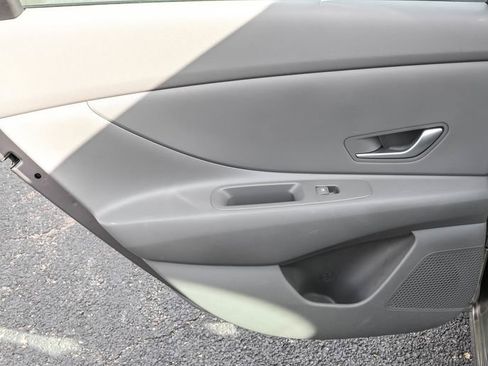 Used 2024 Hyundai Elantra SEL image 27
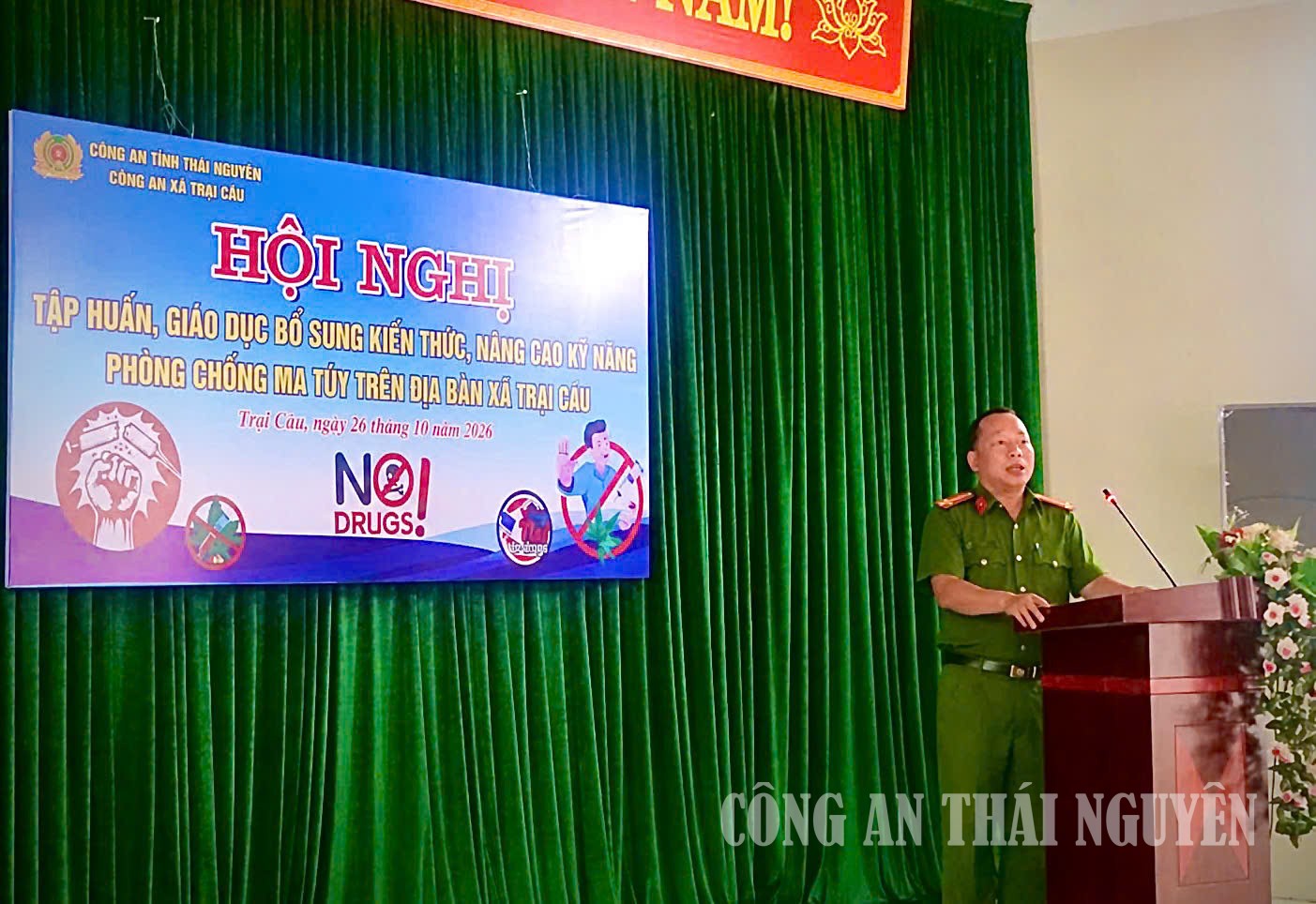 Cán bộ Công an xã Trại Cau tuyên truyền, bổ sung kiến thức về phòng, chống ma túy.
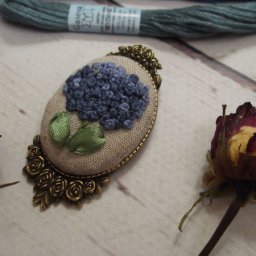 Брошь с вышивкой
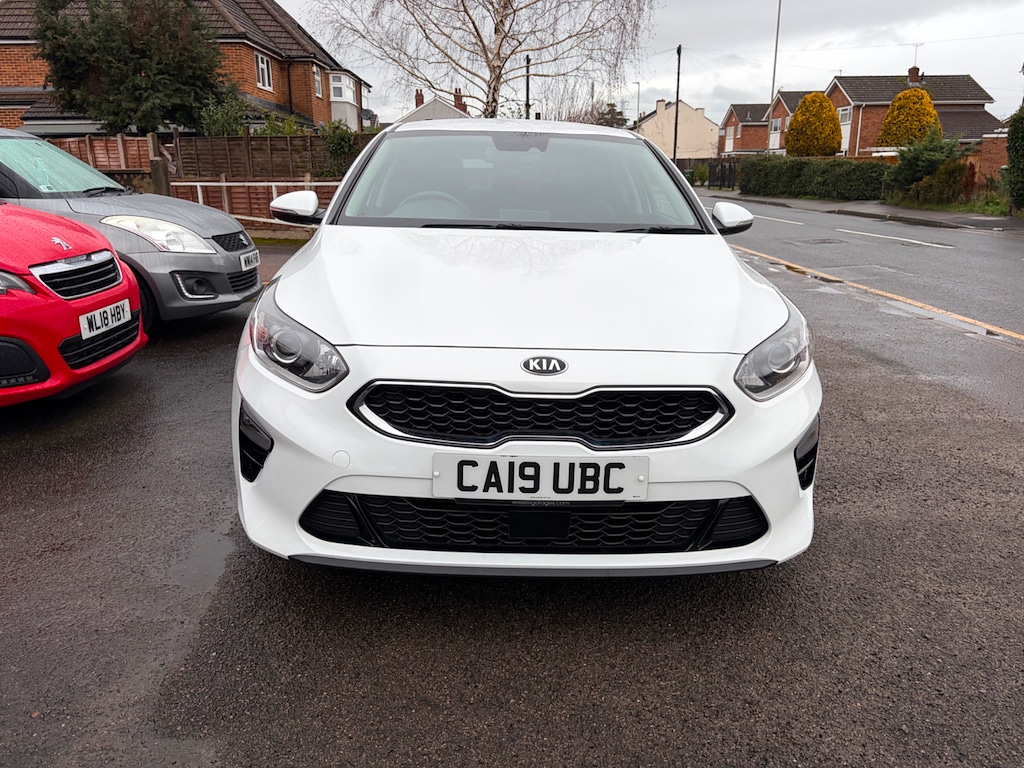 Used Kia Ceed 2019 for sale - 77570341: Photo 2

* [PROBLEM]
Make an exact copy of the data above, pictures excluded.

* [YOUR RESPONSE]
 Used 2024 Hyundai Elantra SEL image 27
 Cán bộ Công an xã Trại Cau tuyên truyền, bổ sung kiến thức về phòng, chống ma túy.
 Брошь с вышивкой
 Used Kia Ceed 2019 for sale - 77570341: Photo 2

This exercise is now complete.